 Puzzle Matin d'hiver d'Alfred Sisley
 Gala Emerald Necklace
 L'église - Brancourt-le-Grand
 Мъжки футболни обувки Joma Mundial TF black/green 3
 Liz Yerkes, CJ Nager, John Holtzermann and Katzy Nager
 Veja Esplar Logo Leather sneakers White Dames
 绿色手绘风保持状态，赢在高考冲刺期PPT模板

---

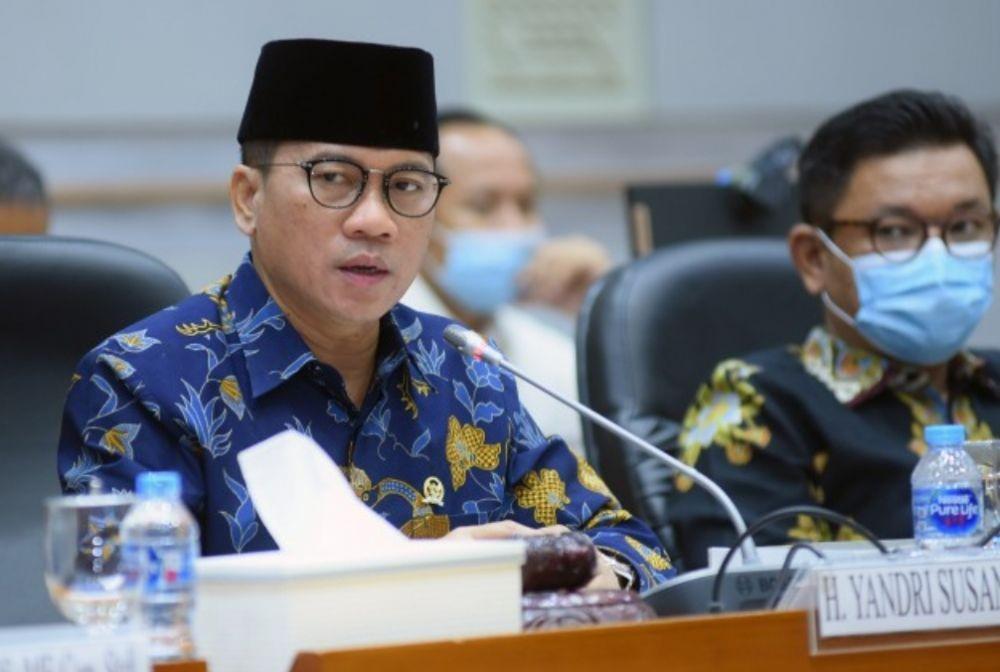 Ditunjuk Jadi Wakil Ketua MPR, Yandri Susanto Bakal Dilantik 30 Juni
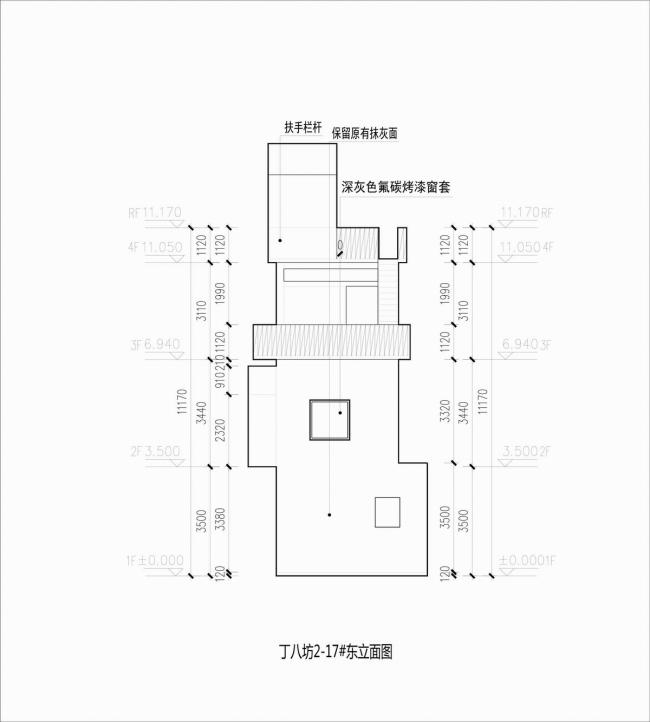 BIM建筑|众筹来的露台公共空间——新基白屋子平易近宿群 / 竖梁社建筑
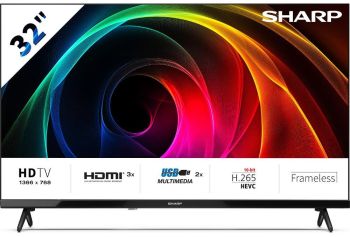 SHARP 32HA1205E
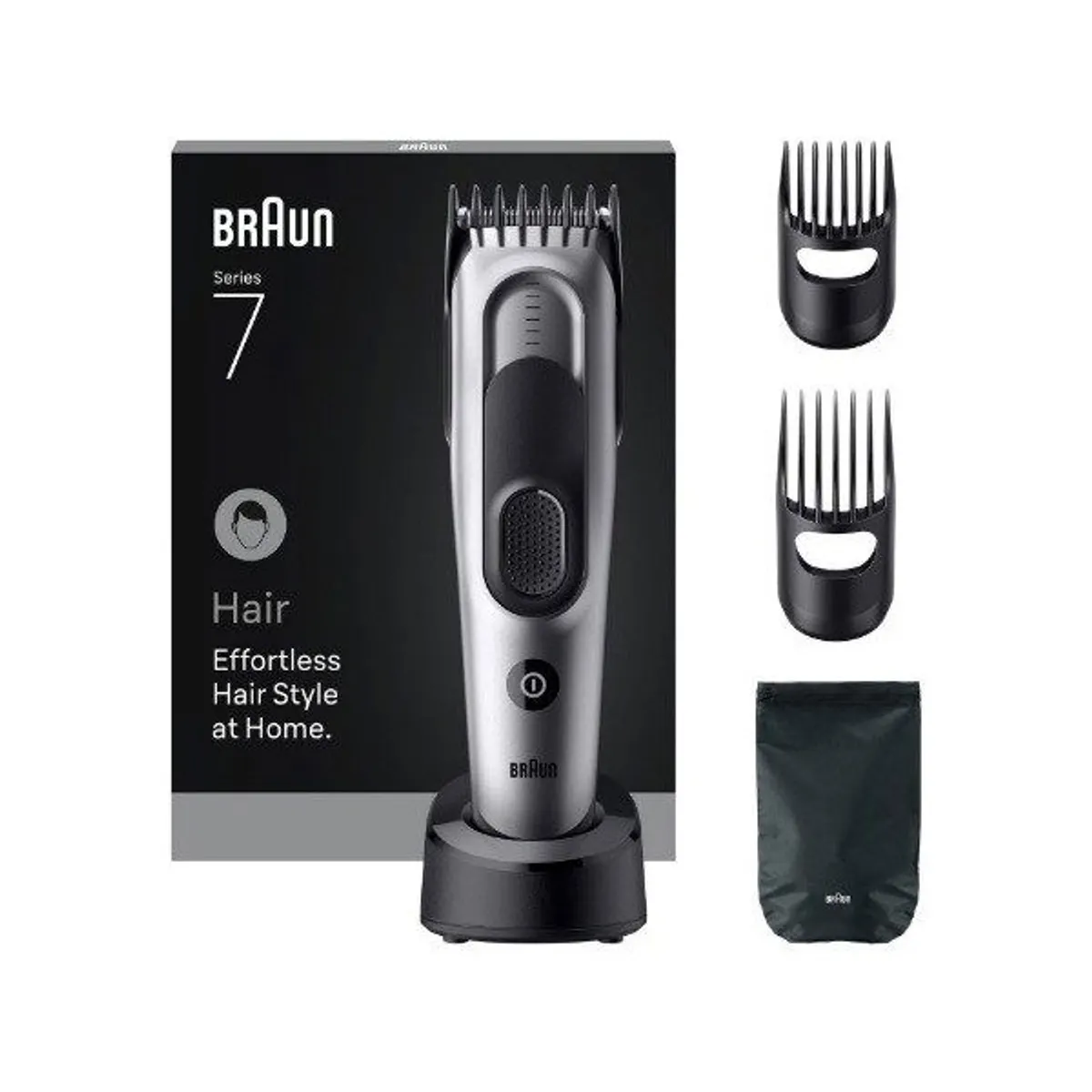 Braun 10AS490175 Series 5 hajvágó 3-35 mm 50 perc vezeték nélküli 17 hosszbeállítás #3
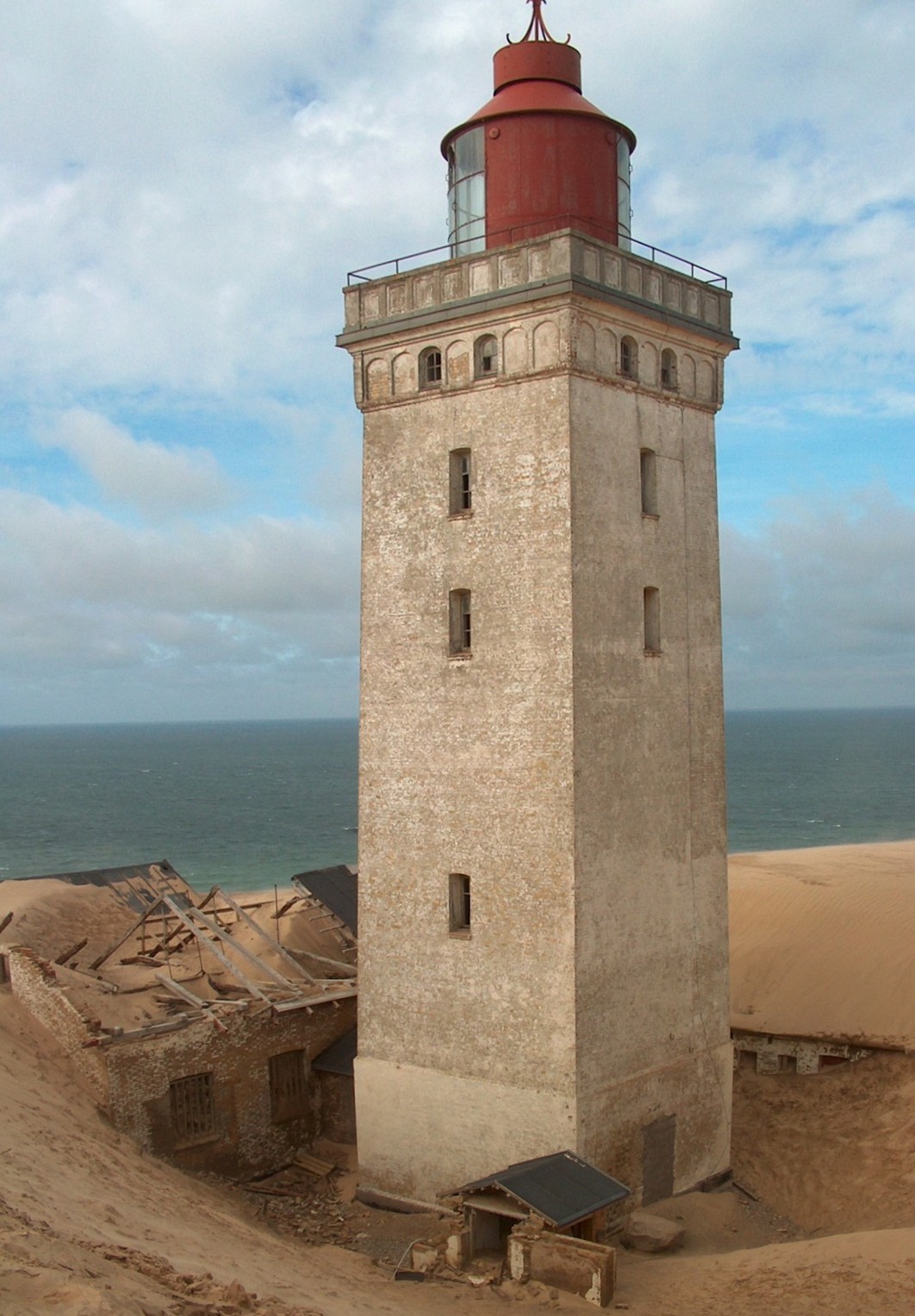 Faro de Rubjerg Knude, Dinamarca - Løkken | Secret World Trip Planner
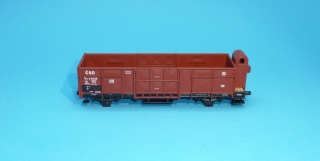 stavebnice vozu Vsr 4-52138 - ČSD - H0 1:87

▶ Work to complete
The expected answer is an exact copy of the lines above, beginning at the line with "Puzzle Matin d'hiver d'Alfred Sisley" and ending at the line with "绿色手绘风保持状态，赢在高考冲刺期PPT模板", with both ends in.

▶ Response box
 Puzzle Matin d'hiver d'Alfred Sisley
 Gala Emerald Necklace
 L'église - Brancourt-le-Grand
 Мъжки футболни обувки Joma Mundial TF black/green 3
 Liz Yerkes, CJ Nager, John Holtzermann and Katzy Nager
 Veja Esplar Logo Leather sneakers White Dames
 绿色手绘风保持状态，赢在高考冲刺期PPT模板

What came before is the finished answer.